* [EXERCISE DESCRIPTION]: Could you output the complete listing given below exactly?

* [MATERIAL FOR THE TASK]:

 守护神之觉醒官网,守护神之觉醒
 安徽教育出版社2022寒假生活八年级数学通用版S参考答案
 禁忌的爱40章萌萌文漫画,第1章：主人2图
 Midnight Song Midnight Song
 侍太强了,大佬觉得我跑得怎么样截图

* [RESULT OF THE TASK]:
 守护神之觉醒官网,守护神之觉醒
 安徽教育出版社2022寒假生活八年级数学通用版S参考答案
 禁忌的爱40章萌萌文漫画,第1章：主人2图
 Midnight Song Midnight Song
 侍太强了,大佬觉得我跑得怎么样截图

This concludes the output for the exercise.